I don't think anyone is claiming that, and I think you've got your straw man backwards (the adults should come first in the sentence).
Look, I can only say that this adult -- i.e. me -- has basically the same feelings now towards the media products he consumed as a kid. There's no way to evaluate the reverse, since I can't go back in time and throw PS1 games or Mahler symphonies in front of my 8-year-old self -- but there's plenty of stuff I like now that I wouldn't have understood or been competent to engage with as a kid. Because of that (and other issues), the whole thing about things "aging well/badly" doesn't have a whole lot of resonance for me.
This isn't directed at you, but more the general discussion:
When you have a concept that you think is great and explains something perfectly, and someone says "Hmmm, I don't think that way of describing things works for me", you can either call them an idiot or a freak for deviating from what "everyone knows" is true, or consider that maybe the concept is flawed in some way.

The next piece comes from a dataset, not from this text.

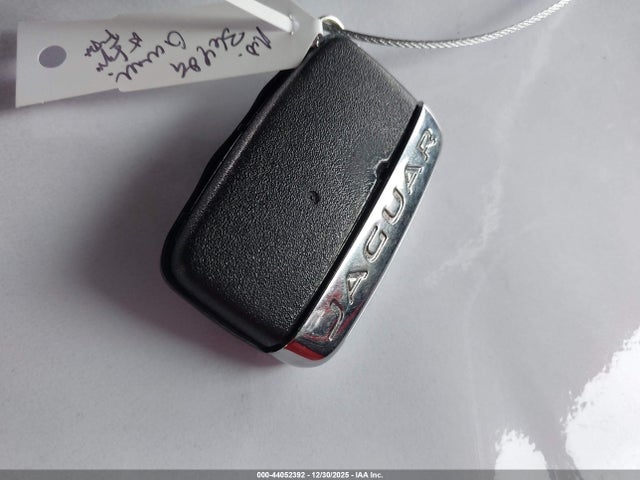 2015 JAGUAR F-TYPE SAJWA6BC9F8K11307 Photo 10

The original phrase isn't "the exception that proves the rule" (which is nonsensical), but the exception that improves the rule -- the idea that when people object to something or when contradictory evidence is found, taking that objection on board makes us smarter and wiser. Isn't that worth some consideration?
EDIT: Being a grownup definitely has lots of upsides, and "fun" isn't the only point of life anyway -- there are things just as rewarding as fun, maybe more so.
Because we all know kids love and hate the same things adults love and hate.
I don't think anyone is claiming that, and I think you've got your straw man backwards (the adults should come first in the sentence).
Well, no, that's essentially been the argument presented by a select few. Either you hate a game back then AND now, or you love a game back then AND now. And no possibility of any other arrangement. That if you played a bad game back then, you surely hated it as you hate it today.
Which I think is ludicrous. You can still love things you loved as a kid as an adult, too, but a number of us have revisted things we loved as a kid and are now like, "Yeah, that's not as good as I remembered." Not everything. I still think the G.I. Joe cartoon is cool (although today I find the pacing is a lot quicker than it was as a kid, damn ADHD), and Super Mario Bros will be forever timeless. Jayce and the Wheeled Warriors , not so much.
I consumed every cartoon on the air back then and loved just about all of them. I revisted many of them over the last several years, and while I certainly don't regret watching them back then (had to do something to put off homework), I can't watch a good chunk of them now.
Originally posted by: Tulpa
Well, no, that's been the argument presented by a select few. Either you hate a game back then AND now, or you love a game back then AND now. And no possibility of any other arrangement. That if you played a bad game back then, you surely hated it as you hate it today.
Would I spoil the fun if I tell you that was twisted from what I actually said?
If you no longer like something, it's because YOU changed, not what you used to like. "Aged poorly" implies what you used to like is what has changed, which is a fallacy.
Is that any easier to understand? I don't think I can simplify it any more.